Is there a website like go compare that allows you to compare motorhome insurance rather than ringing round?


----------



## Deleted member 2636 (Jan 27, 2011)

Not that I am aware of Phil. I ended up with Comfort and am paying less than I do for the B. car


----------



## Dezi (Jan 27, 2011)

Phil said:


> Is there a website like go compare that allows you to compare motorhome insurance rather than ringing round?


 


Not a website, but one of the motorhome mags (Somebody help me out with the name please) does an excellent comparison of all the top providers each year. 

Dezi


----------



## AndyC (Jan 27, 2011)

Dezi said:


> Not a website, but one of the motorhome mags (Somebody help me out with the name please) does an excellent comparison of all the top providers each year.
> 
> Dezi


The now defunct Motorcaravan Magazine used to do this.

AndyC


----------



## John H (Jan 27, 2011)

If you google "motorhome insurance" then all the standard comparison sites (gocompare, compare the market etc) appear.
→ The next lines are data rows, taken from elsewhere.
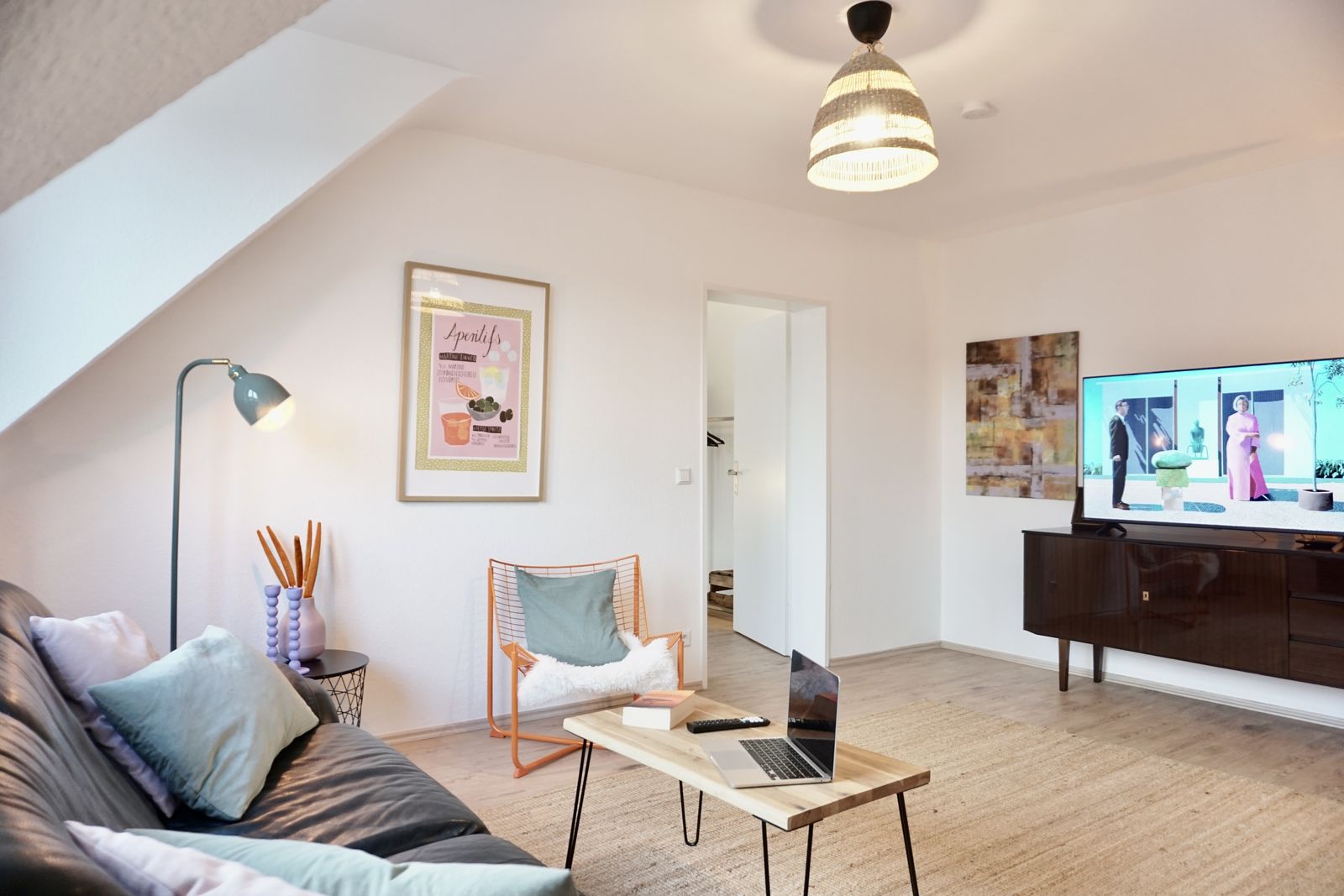Wohnzimmer der Ferienwohnung Kragenbär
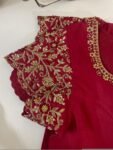 pure silk hand embroidery blouse/saree maggam blouse/maroon red raw silk zardosi blouse/hand embroidered blouse/ready made blouse zardosi/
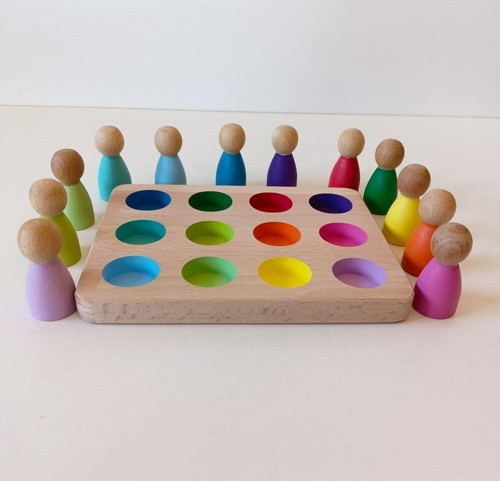 Peg Bebek Ve Tabla Eşleştirme 12 Li Insan Figürleri (Waldorf)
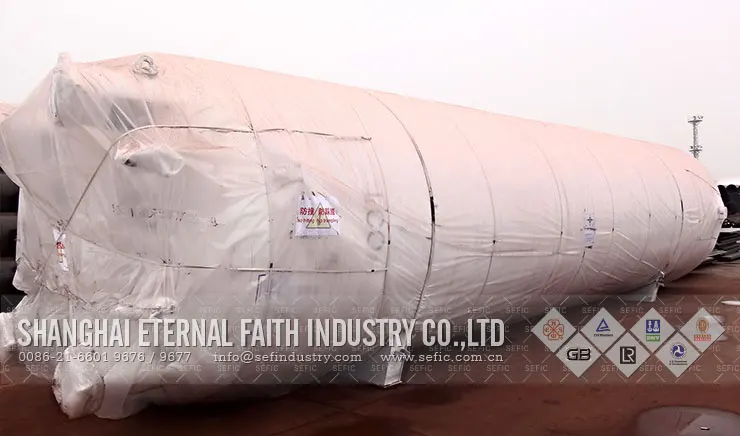 Liquid storage tank packing and delivery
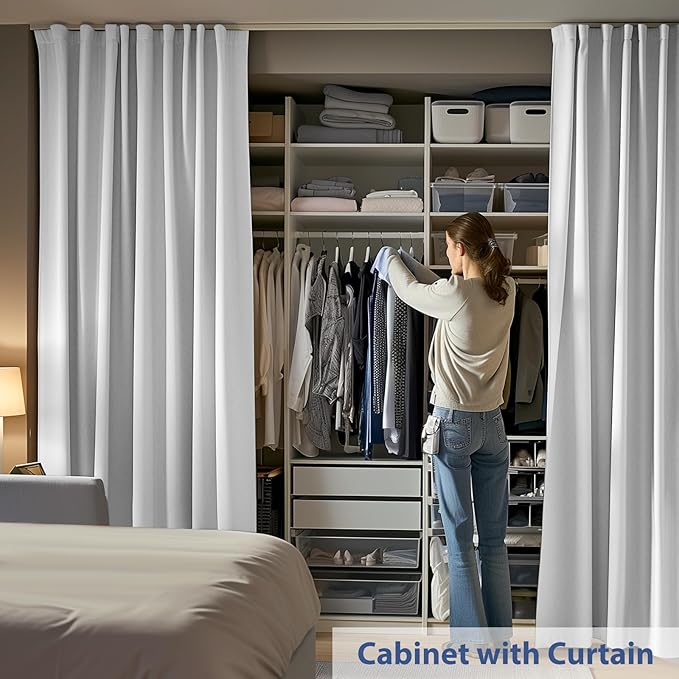 Room Divider Ceiling Mounted Curtains Track Sets Extra Wide Blackout Curtain Flexible Tracks for Bedroom Privacy Partition Separator, 1 Panel White Drape and White Rail, W12.5 x H9ft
I haven't used any of them and don't know if they cover all the possibilities but presumably they will give you a reasonable spread.


----------



## Dezi (Jan 27, 2011)

Hi, WhichMotorhome is the magazine & the last full insurance comparison revue that I have is March 2010. 

I understand that one revue is produced each year around the same time.

Dezi


----------



## Admin (Jan 27, 2011)

thanks

maybe we should have a thread to find out which insurance companies people use a see what their opinions are to give people a guide.


----------



## sundown (Jan 27, 2011)

Phil said:


> thanks
> 
> maybe we should have a thread to find out which insurance companies people use a see what their opinions are to give people a guide.


 

what a great idea, it could, and probably will, 
save quite few quid for many members.
Maybe you should consider putting it in a 
"members only" category
After all, If people could save ££££s
by reading the thread
then why not re-direct £15 of their savings to 
"Wildcamping"


----------



## John H (Jan 27, 2011)

It might sound good in theory but in practice it is difficult to see how it would work. Everybody has different needs and circumstances - age, length of driving experience, accident record, size of engine, size of van, age of van, extent of use, country of use, location of storage, etc etc. That is why the comparison sites ask you so many questions. And the information they have is constantly being updated; ours would not be. It is clear from previous threads that a company which is regarded as the bees knees by one poster wouldn't be touched with a barge pole by the next. For what its worth, I use Safeguard and have found it to be the cheapest and best for my needs and circumstances (just over £300 currently for a five year old 3.5 tonne van and with 12 months European cover, including breakdown recovery)


----------



## sundown (Jan 27, 2011)

I still think its a good idea
as many people are new to motorhomes
and don't know where to start looking for Insurance.
a thread like this could, at least, give them the names of some 
insurance companies recomended by members
so they could do their own "go compare"
ps. I am also with safeguard, which I find, suits my needs best!


----------



## John H (Jan 27, 2011)

sundown said:


> I still think its a good idea
> as many people are new to motorhomes
> and don't know where to start looking for Insurance.
> a thread like this could, at least, give them the names of some
> ...


 
Fair enough, but if all you want is the names of companies that are used by members then that information is already in this forum - we don't need another thread.


----------



## AyGee (Feb 4, 2011)

*Compare Insurance*

I've just renewed my MH insurance. There doesn't seem to be a comparison web site for MH's, so after ringing round I came up with the following:-
SAGA - £947.40
Adrian Flux - £895.64
Safe Guard - £510.92
Comfort - £371.07
SureTerm - £ 271.46

OK so I nearly wrote off my company car in 2008 but these were all for the same cover.  Guess who got my business!

AyGee


----------



## milton (Feb 4, 2011)

I am new to owning a motorhome and found the insurance business a minefield.  One major problem I had was the need for business use due to being self-employed in a small way and using my wendy-house on wheels as accommodation on site - most didn't want to know, including Safeguard - they told me nobody ever uses a motorhome for business use because it is only a leisure vehicle, and they quoted me £400 anyway!
In the end I went with NFU Mutual who have insured my car for years: they added the van on to my existing car policy: only increased the premium by about £150, and don't have a problem with including business use.  They seem to be a sensible company and very easy to deal with.  The only problem for some people will be they don't seem to like some postcode areas that are attached to cities, mainly because they were originally only for the National Farmers Union (we are not farmers but we do wear muddy wellies!)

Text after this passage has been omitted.